İsrail’in devletleşme süreci de sonrası da Filistin’e ve Filistin meselesi üzerinden çevredeki bütün Müslüman ülkelere saldırı tarihidir. Uzun vadeli bir strateji dahilinde, sistematik ve kesinlikle kötülük nesnesi olmayı önemsemeyen bir kanlı tarih...
Türkiye kamuoyu yıllar içerisinde giderek İsrail’in Filistin’e yaptığı zulmün ve arkası kesilmeyen katliamların tarafı olmaya başladı. Son dönemde; yani 2008 ve 2012 Gazze saldırılarında hassasiyet daha da arttı. Gazze denilince Türkiye’nin her yerinde akan sular duruyor. Bugün her kesimden insanların Filistin meselesinde yüksek bir hassasiyeti bulunuyor. Türkiye, orada yaşanan her acı olayı gurur meselesi yapıyor ki bundan doğal bir şey olamaz.

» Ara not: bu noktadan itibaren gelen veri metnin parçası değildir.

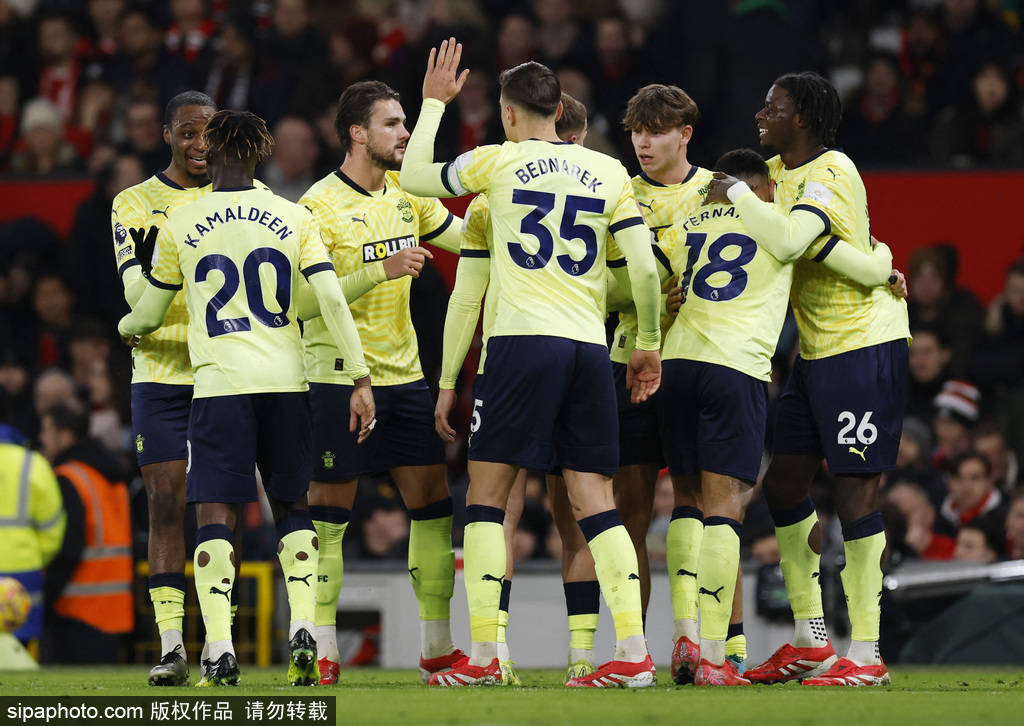 英超-阿玛德戴帽安东尼失空门 曼联3-1南安普顿近五轮首胜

Özellikle son 10 yılda kamuoyunun hassasiyet gösterdiği konularda hükümetten ve devletten beklentileri arttı, çıta bir hayli yükseldi. Şu kadarını söyleyelim, Ariel Şaron’u “Beyrut Kasabı” yapan 1982’de Sabra ve Şatilla katliamları bile bu kadar yaygın; yani toplumun geniş kesimlerini hareket geçiren bir reaksiyon doğurmamıştı. Yakın zamana kadar Türkiye, bırakın bölgede sorumluluk almak ve krizlerde arabuluculuk yapmak; reaksiyonunu bile ölçülü göstermek zorundaydı. Ülkenin gücü tepkiyi artırıyor, tepki arttıkça da diplomatik, siyasi ve ekonomik yaptırım beklentileri artıyor. Ankara’nın iddiası ve alan genişletme politikaları doğal olarak kriz çözümleri için baskıyı da kaçınılmaz kılıyor.

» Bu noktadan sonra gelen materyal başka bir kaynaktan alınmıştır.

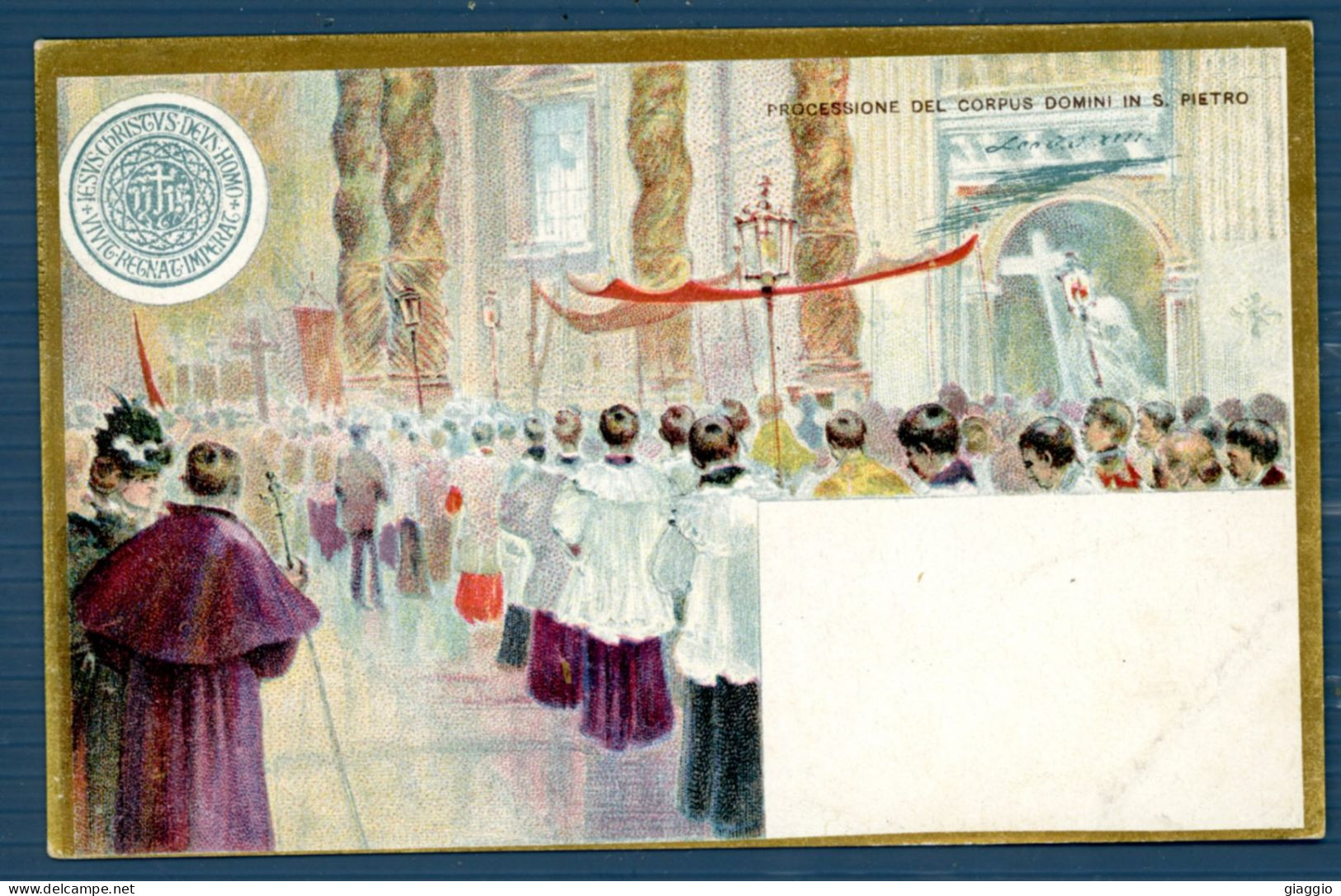 °°° Cartolina - N. 3091 Processione Del Corpus Domini In S. Pietro °°° - Vaticano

Beklentiler sürekli artarken
Sadece Filistin değil... Hatırlayalım, Ağustos 2008’de Rusya ile Gürcistan arasında müdahaleye varan gerilim sırasında da benzer bir beklenti vardı. Medya ve kanaat önderleri, o günlerde henüz tatile çıkmış olan Başbakan Erdoğan’ın bir an önce Ankara’ya gelmesi için baskı yapmışlardı. Zaten Erdoğan da çağrıları beklemeden dönüş kararı almıştı. Gürcistan sınır komşumuz ama unutmayalım, koskoca Sovyetler dağılırken bile kimse hükümetten olup bitenler için inisiyatif almasını istememişti.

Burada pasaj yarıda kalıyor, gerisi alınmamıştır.